Throughout the coronavirus pandemic, McDonald's breakfast sales have been under pressure as many consumers work from home, disrupting their usual commutes and breakfast habits. The NPD Group found that morning meal transactions at major restaurant chains fell 18% in the week ended June 7 compared with the same time a year ago. Lost breakfast sales accounted for more than half of McDonald's U.S. same-store sales declines in May.

The company's lunch and dinner sales have bounced back much more quickly.

McDonald's is also facing more competition in the crowded breakfast arena. Just weeks before states began mandating lockdowns, Wendy's launched its breakfast menu nationwide, leading some consumers to start new breakfast routines. Breakfast sales accounted for 8% of Wendy's overall U.S. sales in its fiscal second quarter. 
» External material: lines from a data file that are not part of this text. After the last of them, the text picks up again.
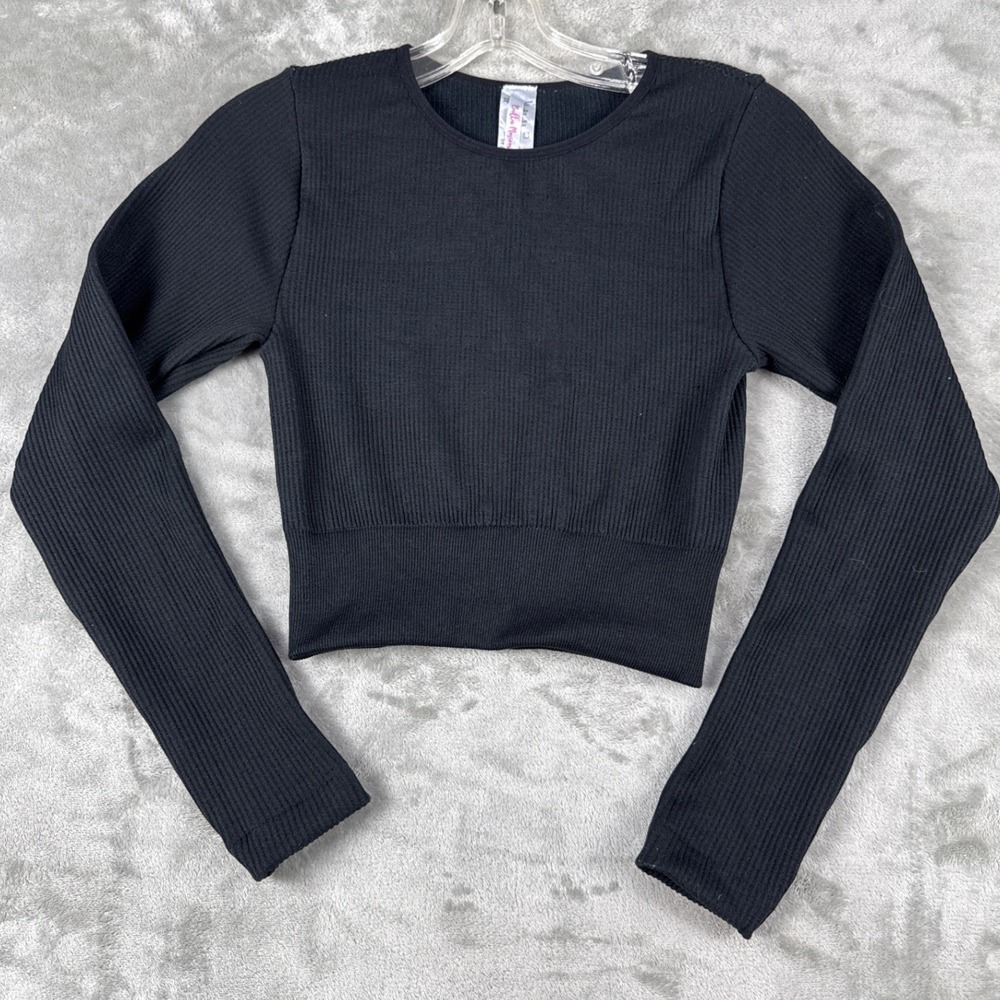 Bella Movement Womens Ribbed Long Sleeve Crop Top Black Crew Neck FR-501 S/M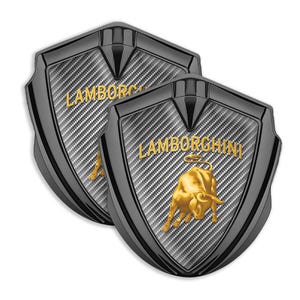 Lamborghini Metal Shield Emblem: Glossy Domed Car Badge
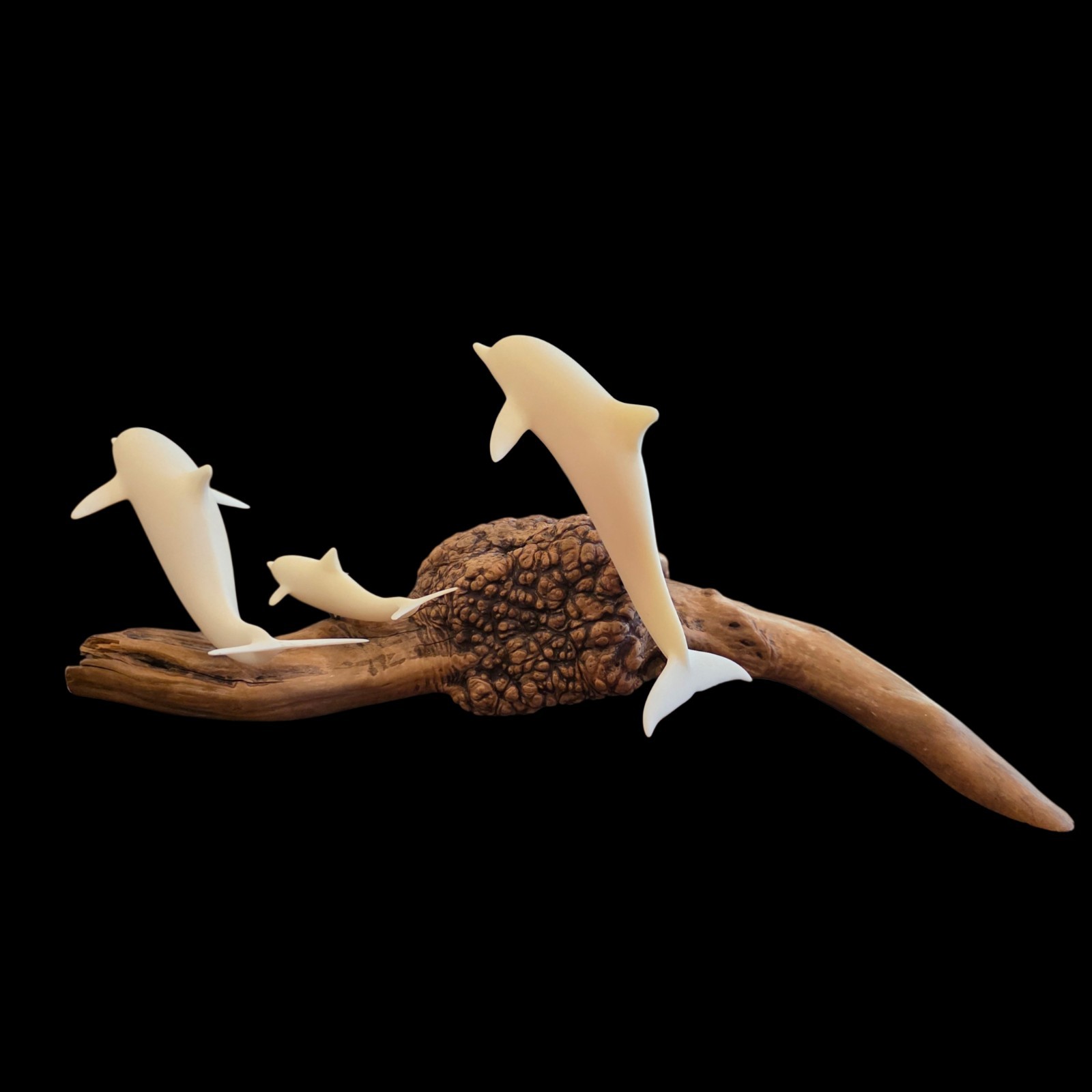 John Perry Dolphin Sculpture Driftwood Lucite Resin Dolphins Signed 16″ Coastal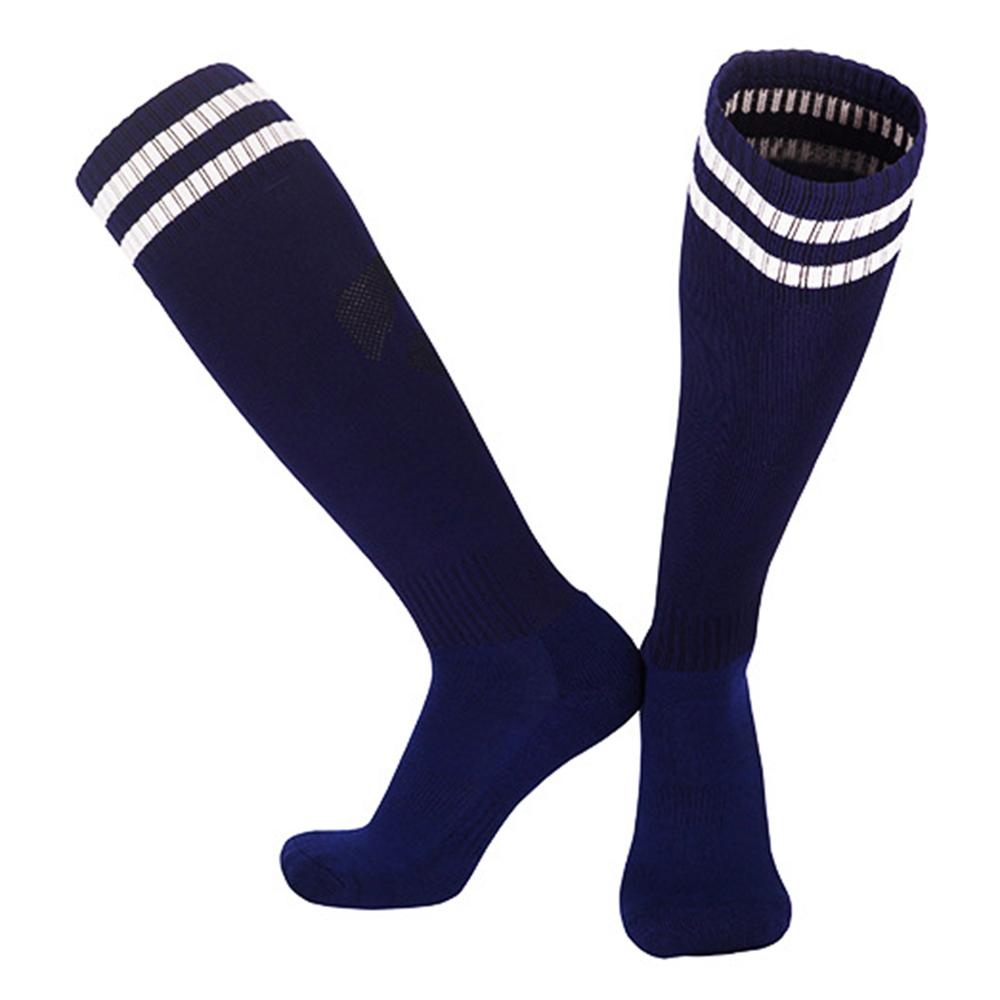 

LINGTU 1 Pair Stripe Knee High Soccer Socks Slip-Proof Sports Socks for Kids, M Size, 34-38 Royal Blue and White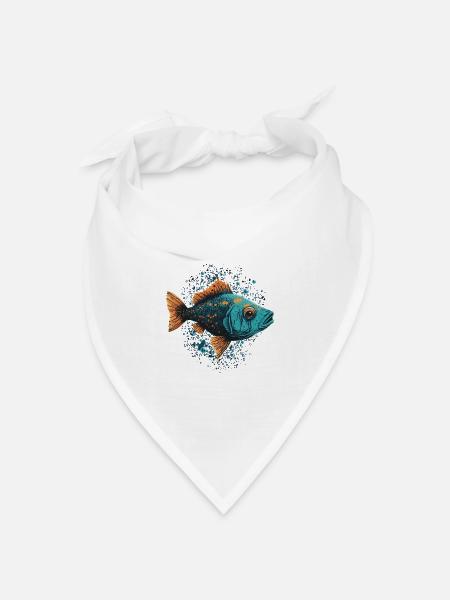 Fisch Illustration - Bandana Dreieckstuch - Weiß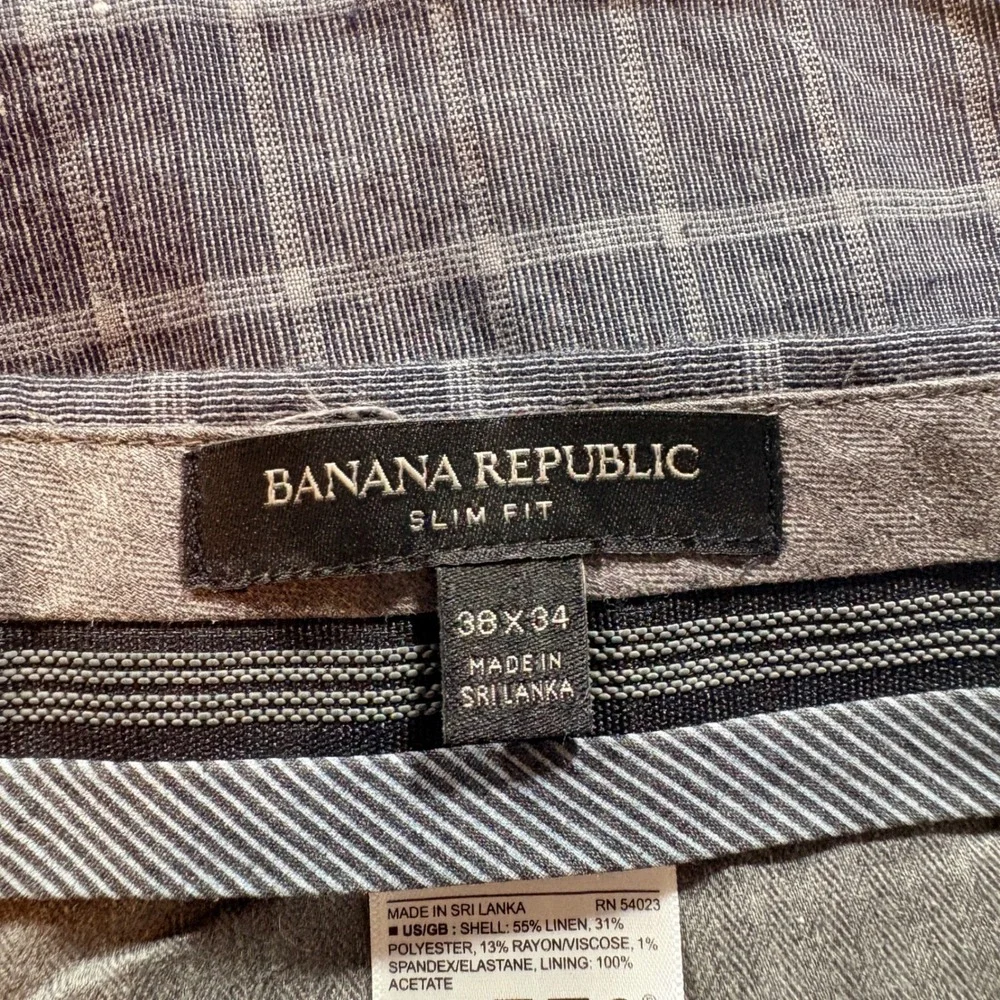 Banana Republic Plaid Dress Pants Mens 38x34 Slim Fit Grey Linen Blend Trousers
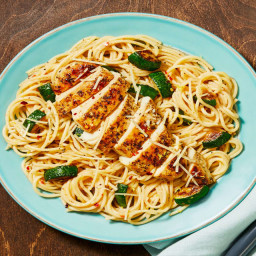 Italian Chicken over Lemony Spaghetti with Zucchini and Chili Flakes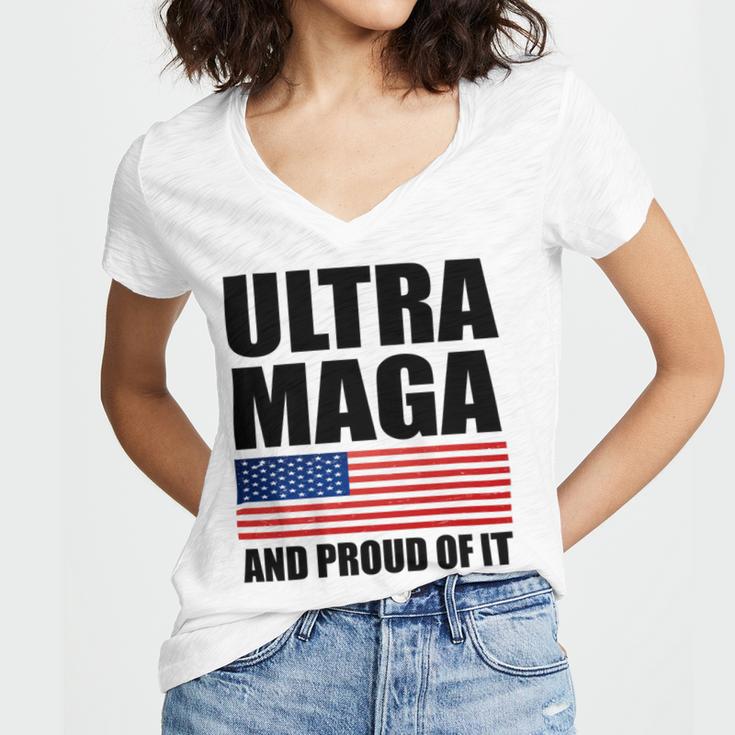 Ultra Maga And Proud Of It V9 Women's Jersey Short Sleeve Deep V-Neck Tshirt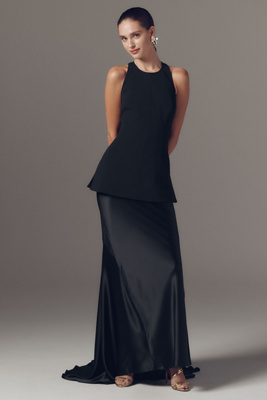 Acler Hourston High-waisted Satin Maxi Skirt In Black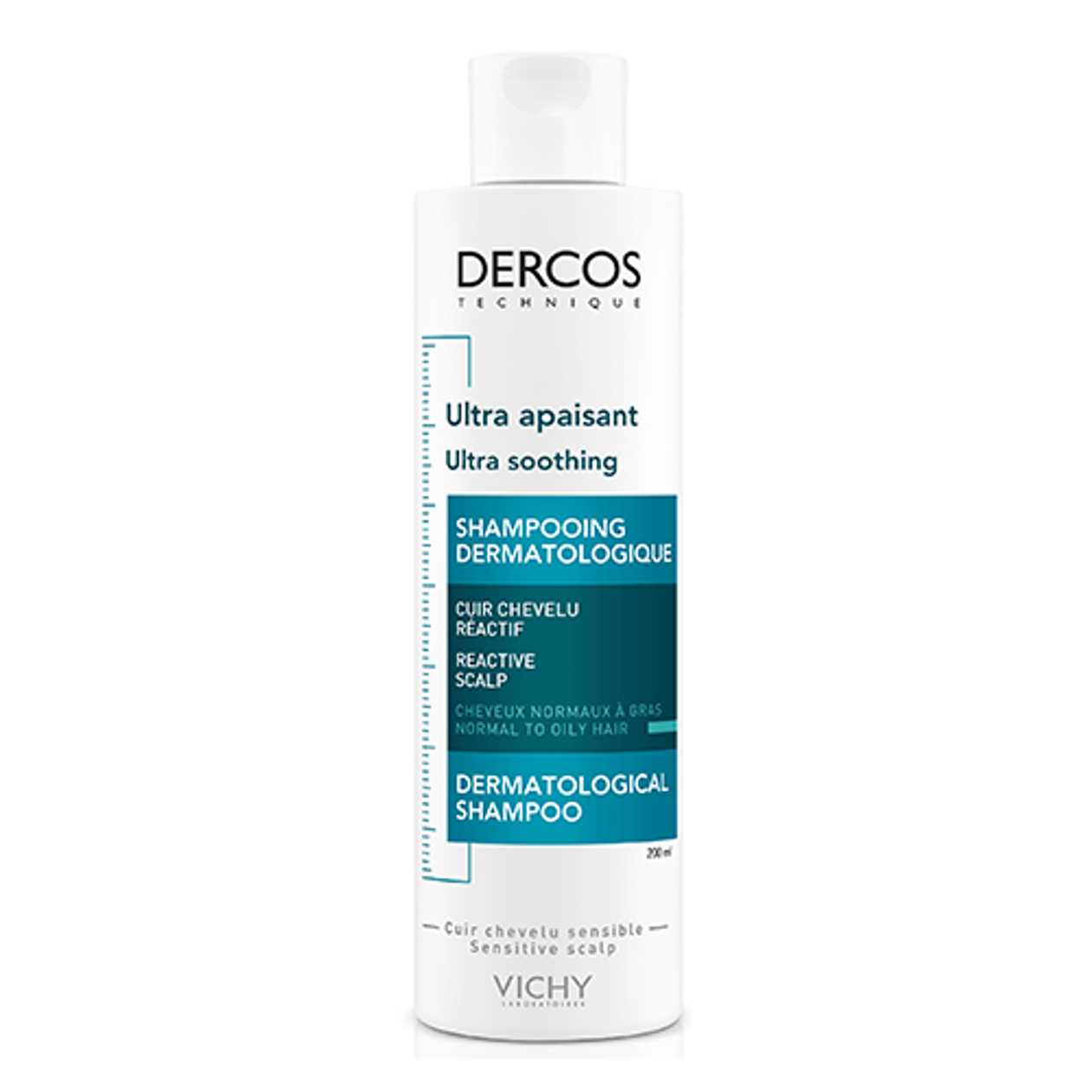 Vichy - Dercos Soothing Shampoo for Sensitive Scalp/Normal, Oily Hair Sulfate-Free 200ml 5128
In an attempt to keep operations running smoothly despite the new challenges posed by the pandemic, McDonald's also temporarily streamlined its menu, including its popular All Day Breakfast option, which franchisees have complained slows down their kitchens. The company has been slowly bringing back menu items and running promotions, like menu deals based on the favorite orders of rapper Travis Scott and reggaeton singer J. Balvin. 

Shares of the company, which has a market value of $173 billion, closed Tuesday down 1%. The stock has risen 13% this year.